Moving from MySQL JSON to Postgres arrays

When migrating from MySQL to Postgres, one of the common surprises is how often JSON columns show up in places that are really just lists. Tags are a typical example:

["sushi", "japanese", "late-night"]

In MySQL this is usually fine, it's flexible, easy, and doesn't require much thought. But once you move into Postgres, you start feeling the mismatch between "this is JSON" and "this is actually just a list I want to query".

That's often where arrays start to look more natural:

tags text[]

It's a small shift, but it changes the way the data behaves. Instead of a serialized structure, it becomes something the database understands as a first-class list type.

Working with arrays and making them usable

Once tags are stored as arrays, querying becomes more direct.

To check if a tag exists:

SELECT *
FROM restaurants
WHERE 'sushi' = ANY(tags);

Or using the containment operator:

SELECT *
FROM restaurants
WHERE tags @> ARRAY['sushi'];

Modifying data is also straightforward:

UPDATE restaurants
SET tags = array_remove(tags, 'sushi');

At this point, arrays feel simple and readable, especially compared to parsing JSON strings or maintaining join tables for very lightweight use cases.

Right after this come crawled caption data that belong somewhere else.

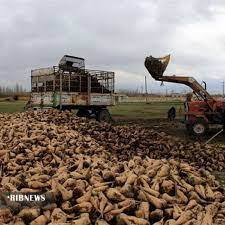 پیش بینی برداشت بیش از 100 هزار تن چغندر از مزارع مهاباد پیش بینی برداشت بیش از 100 هزار تن چغندر از مزارع مهاباد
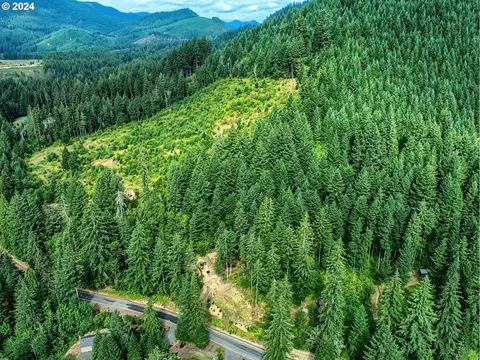 Bear Creek Rd, Carson, WA 98610 photo 2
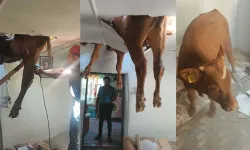 Kaçan boğa evin çatısına düştü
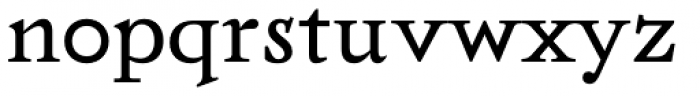 Twentytwelve Serif N Font LOWERCASE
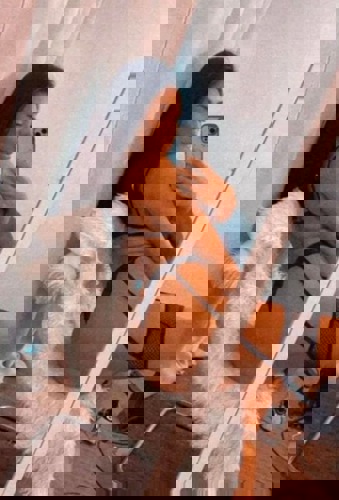 Amira1512 - +4915124366560, +491512-4366560, 01512-4366560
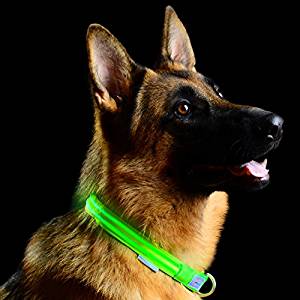Pet Industries LED Collar Pet Industries LED Collar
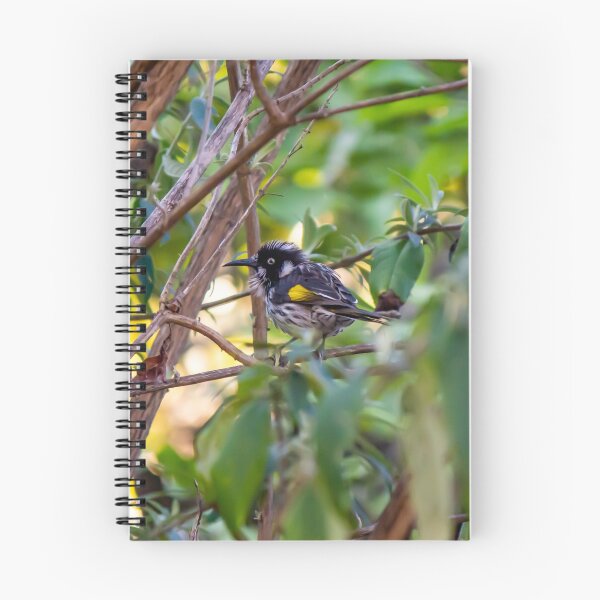 Item preview, New Holland Honeyeater on Bough designed and sold by FigTreeMagick.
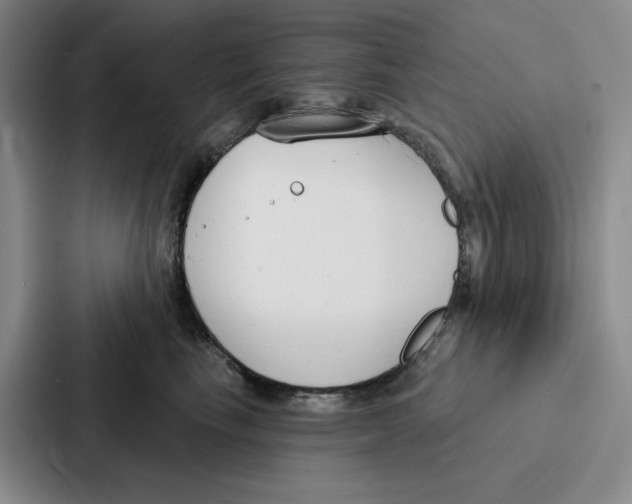 X0000086900665200705141643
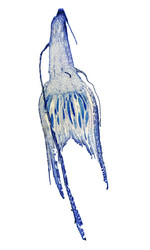 Similar image 6713475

The key factor that makes arrays actually viable at scale is indexing. Without it, Postgres still has to scan rows to evaluate array conditions, which quickly becomes expensive on larger datasets.

That's where GIN indexes come in:

CREATE INDEX idx_restaurants_tags
ON restaurants
USING GIN (tags);

With a GIN index in place, queries like:

WHERE 'sushi' = ANY(tags)

or:

WHERE tags @> ARRAY['sushi']

can be resolved efficiently without full table scans.

Tradeoffs and where arrays fit

Arrays sit in a middle ground between JSON and full relational modeling. They work well when the data is genuinely list-like and doesn't need additional structure.

They are a good fit when:

  • the values are simple (tags, labels, flags)
  • the primary operation is filtering or membership checks
  • schema simplicity is preferred over normalization

They become less suitable when:

  • individual items need their own attributes
  • relationships between items matter
  • the "list" starts behaving like a first-class entity

In those cases, a join table tends to be a better long-term structure.